= Missa solemnis =

Extended musical setting of the Mass

Missa solemnis ( pl: Misae solemnes) is Latin for Solemn Mass, and is a genre of sacred music consisting of fulsome settings of the Christian Mass Ordinary which are festively scored (often for choir, solo voices, and orchestra) and render the (often Latin) text extensively — as opposed to the shorter and more modest Missa brevis form. In French, the genre is called Messe solennelle. The terms came into use in the classical period.

When 'the Missa solemnis' is used to point to a specific piece, without referring to a particular composer, Beethoven's seminal and eponymous setting of the mass in D major is oftentimes implied. Many other composers' masses are substantively solemn settings—in pace, proportion and scoring—and so form part of the genre, even though they are not explicitly titled as 'Misae solemnes': for example, several late settings of both Haydn and Schubert, and the three numbered settings of Anton Bruckner.

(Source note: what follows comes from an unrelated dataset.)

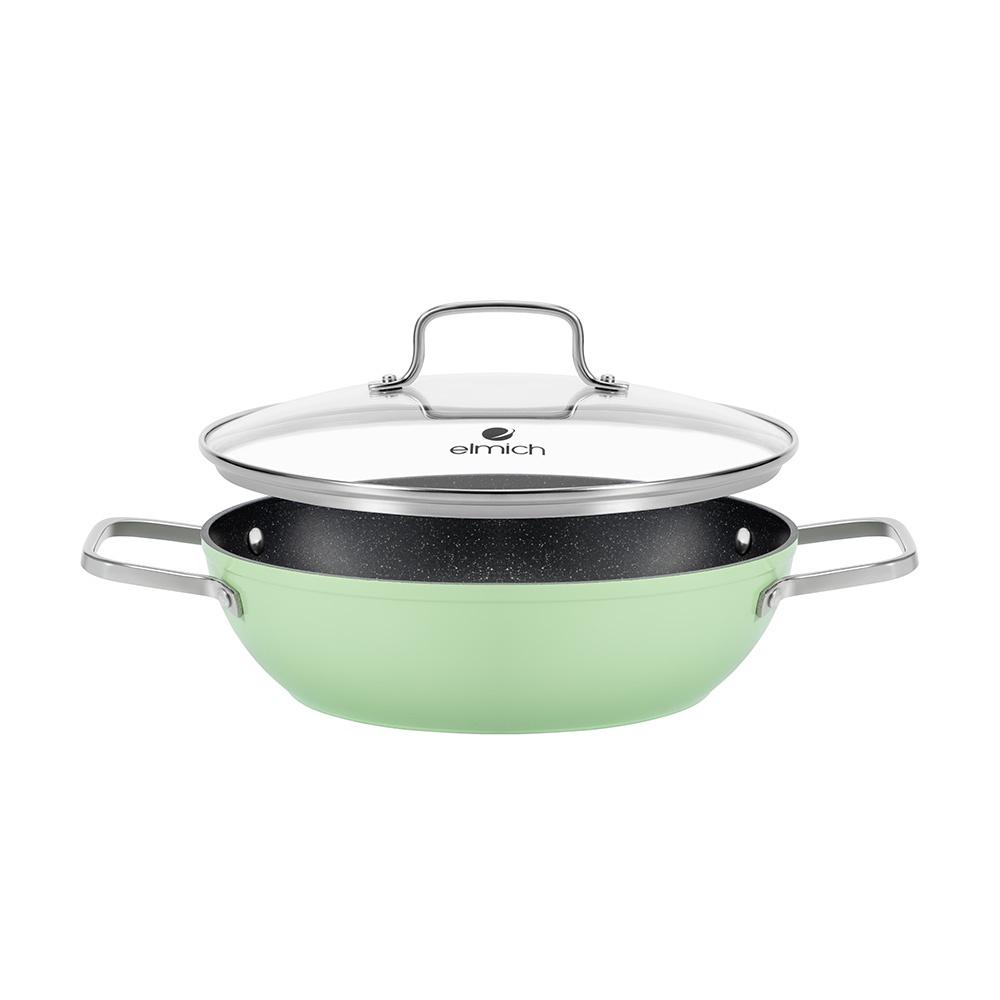 Nồi lẩu chống dính vân đá Elmich El-5553GY28 size 28cm - Hàng chính hãng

Indeed, some of the greatest compositions in the genre have acquired common or popular names sans 'solemnis':—to wit, JS Bach's Mass in B minor and Mozart's Great Mass in C minor.

Solemn Masses have been written by many well-known composers, including these:
- JS Bach: Mass in B minor (1733/1749)
- Beethoven: Missa solemnis in D major (1823)
- Berlioz: Messe solennelle (1824)
- Bruckner: Missa solemnis in B-flat minor (1854), along with his triptych of great festive masses, the Mass No. 1 in D minor (1864), Mass No. 2 in E minor (1866), and Mass No. 3 in F minor (1868).
- Cherubini: Messe solenelle No. 2 in D minor (1811) per il Principe Esterházy (1811)
- Haydn: Missa in tempore belli (Mass in the Time of War) in C major, (1796)
- Hummel: Missa solemnis in C major (1806)
- Liszt: Missa solennis zur Einweihung der Basilika in Gran (Gran Mass) (first version 1855, second version 1857–58)
- Mozart: Mass in C minor, K. 139 "Waisenhaus" (1768), Mass in C major, K. 337 "Solemnis" (1780), Great Mass in C minor, K. 427 (1782/1783)
- Rossini: Petite messe solennelle (1863)
- Schubert: Mass No. 1, Mass No. 4, Mass No. 5, Mass No. 6
- Vierne: Messe solennelle (1900)
- Weber: Missa solemnis No. 2 (1818–1819) "Messe du Freischutz"

Other composers who wrote works the titles of which contained "Missa solemnis" include these (listed alphabetically): France Ačko (1941), Hendrik Andriessen (1946), Marco Betta, František Brixi, Antonio Buonomo (1983), Alfredo Casella (1944), Paul Creston, Georg Druschetzky (1804), Bohumil Fidler (1901), Joseph-Hector Fiocco, Konstanty Gorski, Michael Haydn (1772), Václav Emanuel Horák, Sigurd Islandsmoen (1954), Friedrich Kiel, Karel Blažej Kopřiva, Jean Langlais, Josef Lammerz (1990), Colin Mawby, Boleslaw Ocias, Antonio Sacchini, Johann Nepomuk Schelble, Wolfgang Seifen, Johann Baptist Wanhal (1778), and Bedřich Antonín Wiedermann (1848).

Festive mass settings in other languages include the composer Jakub Jan Ryba's Czech Christmas Mass (1796). While this was not a traditional mass text setting at all, and it was not in Latin, it was nevertheless explicitly labeled by its composer as a 'missa solemnis' (for the Festis Nativitatis').